Could this be due to gc (incorrectly) collecting the Buffer object as it is not referenced by anyone in the JS space?

@gireeshpunathil
Copy link
Author

chatting with @mhdawson , it was revealed that an entry for the backing store was found in the global backing store registery, where it was not expecting one, is how the crash is materializing.

I am not good in interpreting the trace log of --trace-backing-store, but looking at the last entry

BS:reg bs=0x55b41104b420 mem=0x55b411217430 (length=10, capacity=10)

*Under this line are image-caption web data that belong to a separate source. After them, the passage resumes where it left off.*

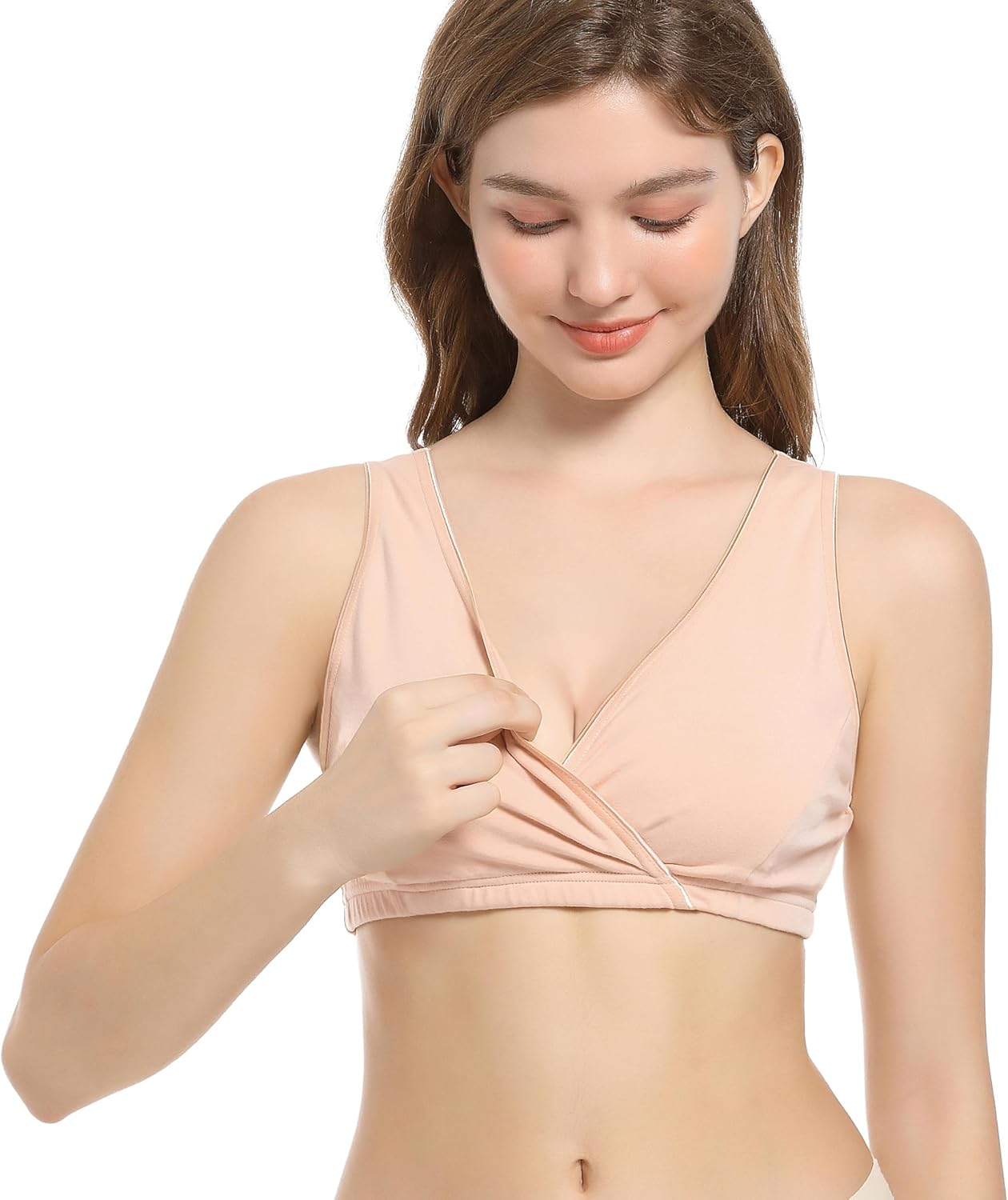 CAKYE 3 Pack Cotton Maternity Nursing Bras Breastfeeding Sleep Bralette Postpartum Bra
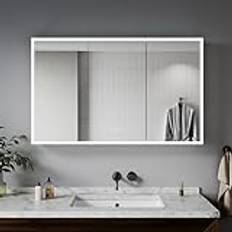 ELEGANT Bathroom Wall Cabinet with Mirror Illuminated Bathroom Cabinet with Bluetooth Speaker and Shaver Socket Triple Door 1050 x 650mm Mirror Cabinet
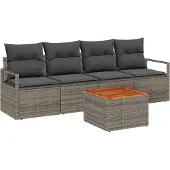 vidaXL Gartensofa-set mit Kissen 5 pcs Grau Poly-Rattan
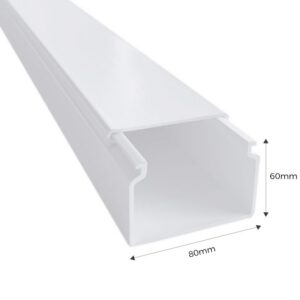 13060CBR Efapel - Goulotte électrique blanche (LxH) 80x60mm - Longueur 2 mètres - pour montage en saillie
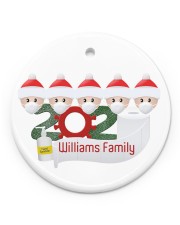 Christmas - Quarantined Family - 2020 Personalized Circle ornament - single (porcelain) front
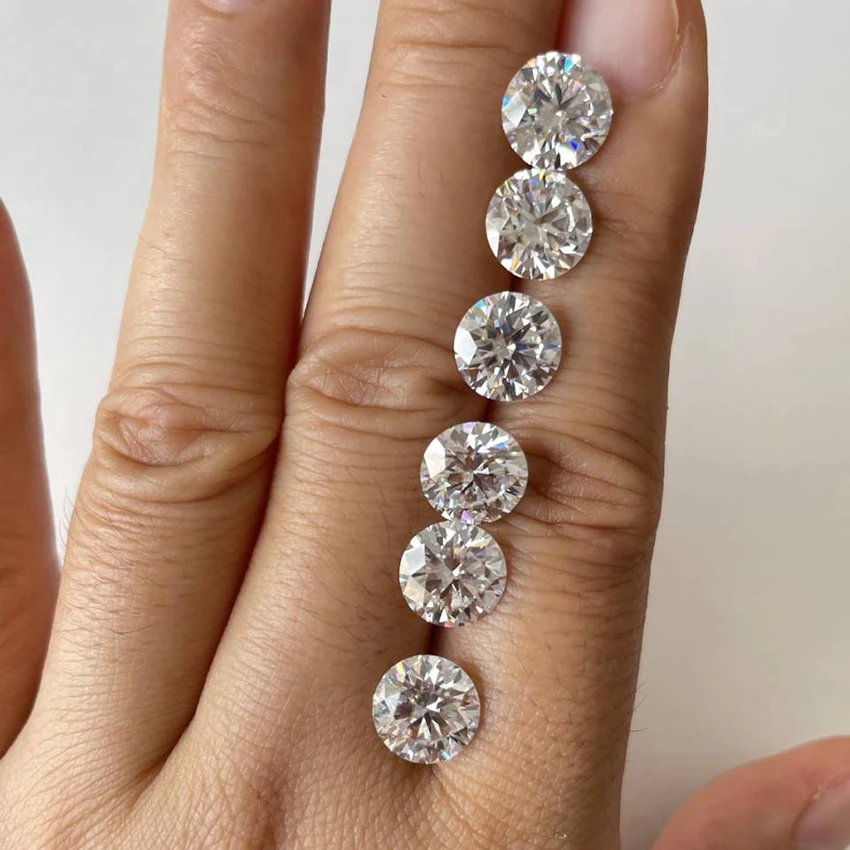 Moissanite, незакрепленные камни, оптовая продажа, драгоценные камни GRA, бриллиантовый круглый ограненный белый VVS, mossanite, Алмазный тест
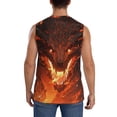 thumbnail image 4 of Lsque Magma Fire Black Dragon Print Men's Cotton Blend Sleeveless Muscle Shirts (S-3XL)- Moisture Wicking, Odor Protection, UPF 30+,Large, 4 of 8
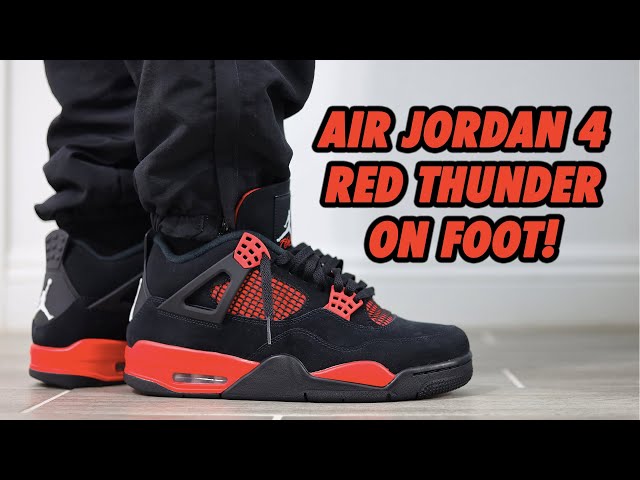 Air Jordan 4 CRIMSON (Red Thunder) ON FOOT! - YouTube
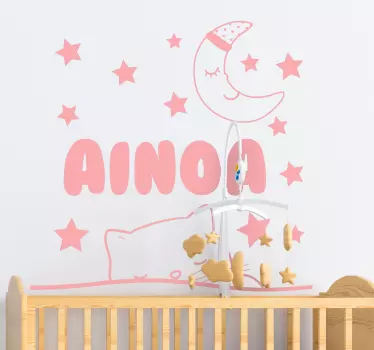 Anpassbarer Name Katze und Mond Wandaufkleber - TenStickers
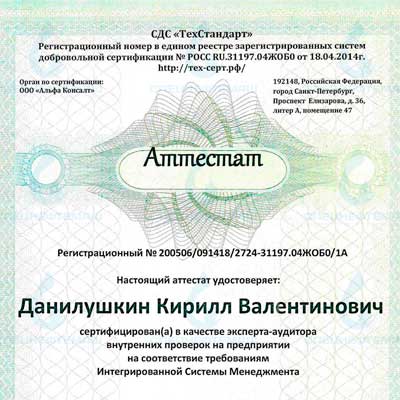 Сертификат соответствия от органа по сертификации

and searching backwards, I found a matching registration for a huge chunk:

BS:reg bs=0x55b411217450 mem=0x55b411217430 (length=1073741823, capacity=1073741823)
the backing stores are different, with capacities 1GB and 10 bytes, but they share backing_store->buffer_start() (starting address of the chunk?) there is no evidence of the large chunk being freed up yet.

@mhdawson
Copy link
Contributor

mhdawson commented Feb 11, 2021

After incrementally adding a bunch of instrumentation it looked be related to WritePointer being called as that seemed to be what was always on the stack when the crash occurred. (EDIT I see Gireesh pointed that out above, but I'd started down the instrumentation path before then).

In writePointer

exports.writePointer = function writePointer (buf, offset, ptr) {
  debug('writing pointer to buffer', buf, offset, ptr);
  exports._writePointer(buf, offset, ptr);
  exports._attach(buf, ptr);
};

_attach tries to avoid the buffer to which the pointer refers being freed before the buffer to which the pointer was written. However I seem to remember @addaleax mentioning that it was difficult to ensure that the cleanup for the buffer to which the pointer was written was complete before the reference buffer was freed. Currently it only ensures that both buffers become eligible to be collected and their finalizes run at the same time but does not ensure which order that will happen.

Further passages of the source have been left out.